European stocks look set to open lower on Friday after the Dow and the S&P 500 suffered their worst single-day losses in about six weeks overnight, hit by a sell-off in the technology sector.
The major U.S. averages fell between 0.8 percent and 1.4 percent on Thursday despite healthcare and financial stocks gaining ground on the back of optimism for repeal and replacement of Obamacare and the Fed’s stress-test results.
Asian markets are also broadly lower, with benchmark indexes in Australia and Japan falling over 1 percent each, despite encouraging U.S. GDP and Chinese manufacturing data.
Official data showed on Thursday that the U.S. economy slowed less sharply in the first quarter than initially estimated.
China’s official manufacturing PMI for June rose to 51.7 from 51.2 in May, beating forecasts and adding to evidence that the world’s second-largest economy maintained its momentum in the second quarter.

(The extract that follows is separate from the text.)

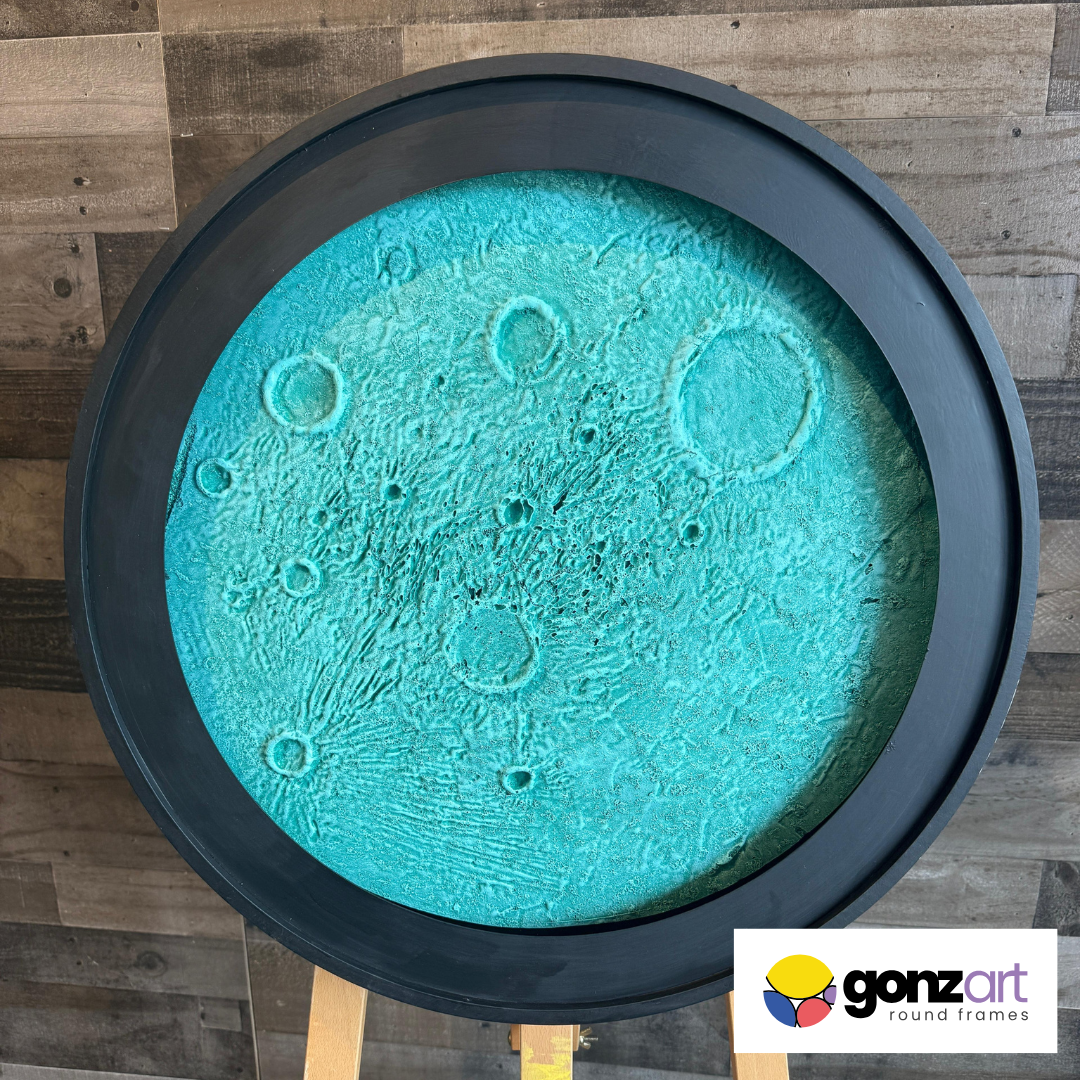 Mint Aura Moon Round Wall Art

Data out of Japan painted a mixed picture of the economy. While consumer price inflation rose for the fifth straight month in May, consumer spending remained tepid, the jobless rate ticked higher and industrial output slipped back into contraction, adding to underlying risks.
The dollar extended losses and gold held steady amid falling equities while crude oil prices remain on track for their biggest weekly gain since mid-May. The British pound traded above $1.30 after Prime Minister Theresa May won confidence vote in parliament.

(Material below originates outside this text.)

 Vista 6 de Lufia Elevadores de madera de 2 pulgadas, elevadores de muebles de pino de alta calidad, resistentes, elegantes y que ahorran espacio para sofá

The economic calendar is heavy today, with inflation figures from the euro area, unemployment and retail sales data from Germany and French data on consumer prices and spending slated for release later in the day.
Across the Atlantic, traders are likely to keep an eye on reports on personal income and spending, consumer sentiment and Chicago-area business activity for more clues on the health of the economy.

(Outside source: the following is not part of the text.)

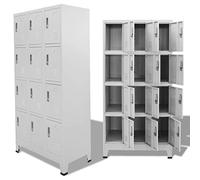 Casier avec 12 compartiments, armoire en métal, armoire de rangement multifonction, pour vestiaires, bureau, école, 90 x 45 x 180 cm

Earlier in the day, a survey published by market research firm GfK showed that consumer confidence in the United Kingdom tumbled in June with an index score of -10, the lowest in 11 months and down from -5 in the previous month.
European markets fell the most in nine months on Thursday as the euro hit a 13-month high and the pound rose to one-month high on the back of hawkish commentary from central banks.
The pan-European Stoxx Europe 600 index lost 1.3 percent. The German DAX tumbled 1.8 percent, France’s CAC 40 index slumped 1.9 percent and the U.K.’s FTSE 100 dropped half a percent.